Виктор помолчал. И тогда Федор пошел на него грудью:
— Хочешь, сморчок, чтоб тебя любили, чтоб жить без тебя не могли? Хочешь?..
— Ну?..
— А за что? За то, что готов стрелять людей? За что любить? А еще Лешку упрекаешь…
— Я бы за деньги девку не продал, какая бы она ни была.
— Да что тебе девка какая-то, что тебе мать, ты же мечтаешь, чтоб на них фугаска упала! Ты ненавидишь всех! Лешка, по-твоему, гадина, а ты-то хуже.
— Я? Лешки?
— Ему плевать на людей — на тебя, на твою мать, на Алку. Нужно — затопчет в грязь, нужно — пырнет ножом, не задумываясь.

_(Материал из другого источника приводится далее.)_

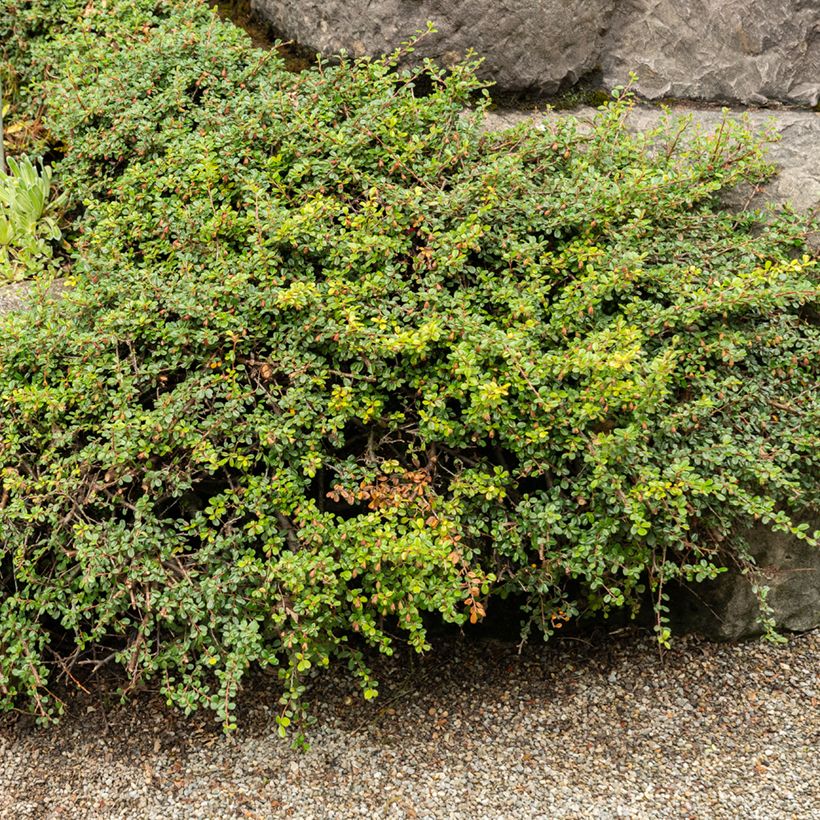 Lamotuhkapensas - Cotoneaster adpressus (Kasvutapa)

Ты за это его не любишь?
— Ненавижу!
— А сам?.. Не нож, так винтовку готов взять против людей. Еще в правители себя ставишь. Такому правителю лешки самые подходящие помощники. Ненавидишь?.. Да тебе целовать его надо в сахарные уста. Ты с ним — два сапога пара!
Виктор съежился, кособоко склонил голову, и Федор почувствовал — пробил, плачет.
— Ну что? Посмотрел на себя со стороны — красив?
— Я ведь так… К слову… — выдавил из себя Виктор.
— И Гитлер сначала всего-навсего орудовал словом, да кончил печами, где детей жег.
— Но что — прощать? Прощать Лешку?
— Нельзя!
— Значит, ненавидеть?
— Да.
— Не пойму. То ругаете, что ненавистник, то говорите — ненавидеть!
— Ненавидеть уметь надо, слепой котенок! Ты же вместе с Лешкой готов ненавидеть мать, которая тебя, дурака, грудью выкормила. Ты порой меня ненавидишь, хотя я тебе ничего плохого не сделал. Разбирайся — кого и за что! Умей глаза держать открытыми.
Виктор молчал, не подымая головы.
— У меня все спуталось, — горестно признался он наконец.
— Ты вот хочешь уехать — езжай, погляди, пощупай мир. Поумнеешь.
Виктор вскинул на Федора красные глаза, сразу отвел, буркнул в сторону:
— А если не поеду, расхотелось вдруг…
— Почему так?
И взметнулись блестящие от слез глаза, и выступил румянец, и, быть может, первый раз в жизни прорвались непривычные слова признательности:
— Кто знает, встречу ли я там такого, как вы. Вдруг да будут попадаться все лешки да заштатные.
— Э-э, дурак, если б на свете жили одни лешки, давно земля стала бы пустой. Люди-лешки вырезали бы друг друга.
Виктор подумал и согласился:
— Верно… Ладно. Поеду. И вы уезжайте скорей отсюда. Вас съедят.
— Кто?
— Анка с муженьком своим. Вы ведь комнату их занимаете.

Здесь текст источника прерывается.